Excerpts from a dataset
[Start of section]

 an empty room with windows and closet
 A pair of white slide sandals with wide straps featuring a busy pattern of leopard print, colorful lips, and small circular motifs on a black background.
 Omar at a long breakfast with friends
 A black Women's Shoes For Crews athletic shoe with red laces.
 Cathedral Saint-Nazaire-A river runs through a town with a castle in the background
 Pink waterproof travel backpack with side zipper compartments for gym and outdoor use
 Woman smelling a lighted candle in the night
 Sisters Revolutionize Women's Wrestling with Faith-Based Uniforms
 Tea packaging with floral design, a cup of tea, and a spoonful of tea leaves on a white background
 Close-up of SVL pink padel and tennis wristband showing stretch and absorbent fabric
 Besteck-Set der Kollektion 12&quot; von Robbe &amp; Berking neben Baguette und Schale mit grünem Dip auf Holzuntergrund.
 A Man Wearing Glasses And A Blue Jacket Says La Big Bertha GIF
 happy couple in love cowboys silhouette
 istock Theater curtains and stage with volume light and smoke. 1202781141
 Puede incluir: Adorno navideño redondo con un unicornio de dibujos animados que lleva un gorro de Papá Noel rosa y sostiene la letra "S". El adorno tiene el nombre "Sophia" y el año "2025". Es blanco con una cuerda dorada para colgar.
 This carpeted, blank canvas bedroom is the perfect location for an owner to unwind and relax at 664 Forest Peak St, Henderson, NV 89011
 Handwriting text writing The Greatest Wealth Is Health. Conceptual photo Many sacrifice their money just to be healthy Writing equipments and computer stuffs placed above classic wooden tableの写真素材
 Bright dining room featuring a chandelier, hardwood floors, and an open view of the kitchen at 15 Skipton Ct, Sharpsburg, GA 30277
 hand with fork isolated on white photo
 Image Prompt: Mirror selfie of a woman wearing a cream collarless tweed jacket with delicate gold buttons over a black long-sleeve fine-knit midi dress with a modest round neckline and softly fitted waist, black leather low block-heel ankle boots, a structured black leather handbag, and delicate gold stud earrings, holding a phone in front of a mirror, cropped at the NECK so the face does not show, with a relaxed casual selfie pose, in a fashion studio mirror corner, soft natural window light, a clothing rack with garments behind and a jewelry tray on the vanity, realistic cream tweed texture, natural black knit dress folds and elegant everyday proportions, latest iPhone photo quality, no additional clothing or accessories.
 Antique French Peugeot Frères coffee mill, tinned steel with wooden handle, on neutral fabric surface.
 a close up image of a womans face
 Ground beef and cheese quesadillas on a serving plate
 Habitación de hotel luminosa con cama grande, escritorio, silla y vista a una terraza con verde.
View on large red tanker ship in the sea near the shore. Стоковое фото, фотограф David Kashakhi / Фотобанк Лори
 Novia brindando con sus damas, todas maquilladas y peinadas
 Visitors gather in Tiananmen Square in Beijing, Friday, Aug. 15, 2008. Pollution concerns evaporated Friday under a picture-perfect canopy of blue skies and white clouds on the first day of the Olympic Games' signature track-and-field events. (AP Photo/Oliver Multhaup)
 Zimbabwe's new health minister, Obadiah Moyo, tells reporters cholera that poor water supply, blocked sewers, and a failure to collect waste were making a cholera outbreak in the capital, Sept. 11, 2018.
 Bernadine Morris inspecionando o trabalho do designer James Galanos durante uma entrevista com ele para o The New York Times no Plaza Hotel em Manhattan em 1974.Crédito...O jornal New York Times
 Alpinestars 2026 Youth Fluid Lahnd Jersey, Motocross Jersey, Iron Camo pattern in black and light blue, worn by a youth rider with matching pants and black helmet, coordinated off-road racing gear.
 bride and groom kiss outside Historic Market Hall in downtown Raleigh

[End of section]

— Work request —
From the entries above, write out only the lines starting at the line that holds "Sisters Revolutionize Women's" and ending at the line that holds "istock Theater curtains", keeping both and matching them exactly.

— Result below —
 Sisters Revolutionize Women's Wrestling with Faith-Based Uniforms
 Tea packaging with floral design, a cup of tea, and a spoonful of tea leaves on a white background
 Close-up of SVL pink padel and tennis wristband showing stretch and absorbent fabric
 Besteck-Set der Kollektion 12&quot; von Robbe &amp; Berking neben Baguette und Schale mit grünem Dip auf Holzuntergrund.
 A Man Wearing Glasses And A Blue Jacket Says La Big Bertha GIF
 happy couple in love cowboys silhouette
 istock Theater curtains and stage with volume light and smoke. 1202781141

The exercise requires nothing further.